The opposite of a lie is a truth. But the opposite of a deep truth is another deep truth. Look of it this way: Your child wants to go outside without you so that she can have a moment of freedom and space. You’re nervous because you don’t feel she is old enough to be out there all alone. You and your child are experiencing a Polarity – “a relationship between two opposing ideas that each have some good in them.”*
Both sides are valid and there are good intentions behind both, but if either you or your child goes to the extreme of pushing your position then you will reach a situation of peril. For example, if I start allowing my daughter to roam without setting any boundaries then she will eventually walk off of the property or infringe upon our neighbors’ spaces (whom we live in close proximity to.) And conversely, if I am watching her every move and not letting her have more freedom as she ages then she is going to feel stifled and caged.

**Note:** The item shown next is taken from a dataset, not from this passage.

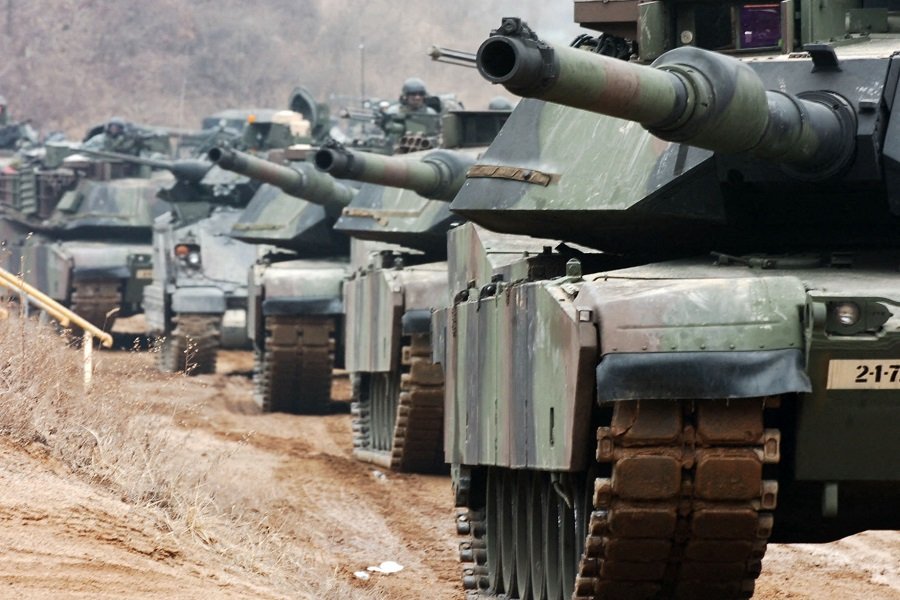 Серьезная угроза танкам «Абрамс»: распространение российских БПЛА ставит под угрозу поставляемые США ОБТ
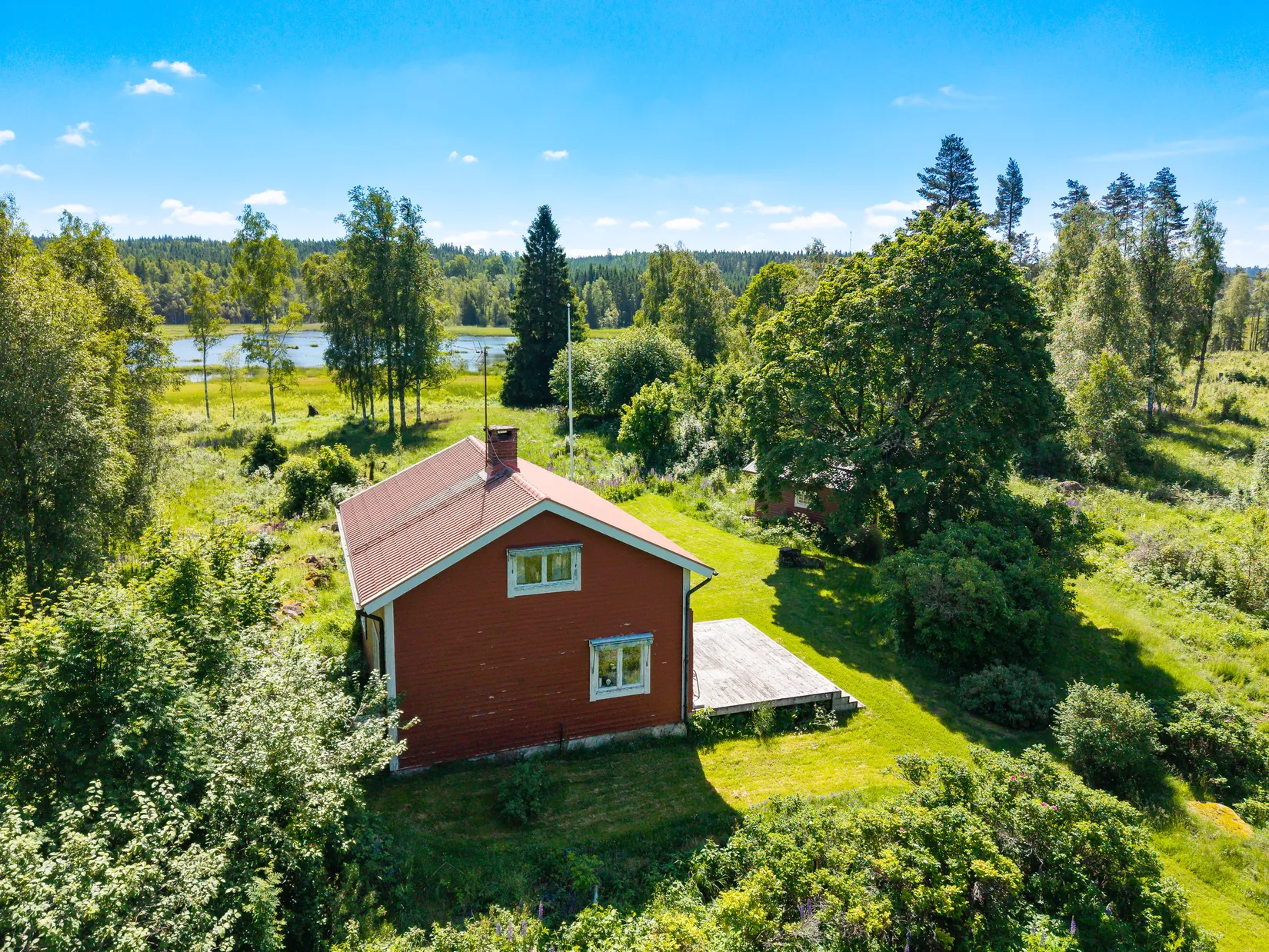 Gård/Skog, Botjärnen 6, Bjurtjärn, Storfors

I attended a retreat this weekend with my cohousing neighbors to discuss Polarity Management with a professional facilitator. She guided us through the process of identifying polar issues that are present in our community, and then we walked a Polarity Map** to identify what would happen when the poles are balanced or imbalanced. Walking the map helped us see as a collective the need to acknowledge the issues that are polarities and avoid the tendency to try and solve them. By definition, a polarity is not a problem and cannot be solved – only managed. Trying to solve polarities will only lead to frustration.
I feel that structured trainings can push towards understanding a model and pull away from the honest conversations, but my experience with Polarities Management was the opposite. It provided a framework for people to share some deep hurts and frustrations, while also leading us into an afternoon of brainstorming on ways to move forward.
I challenge you to sit down and assess the conflict points you have with your children. Is there a Polarity in there? Or is this a genuine problem? Honoring our children’s thoughts and feelings leads us into improved conflict resolution, and that’s a lifelong exercise with lifelong benefits.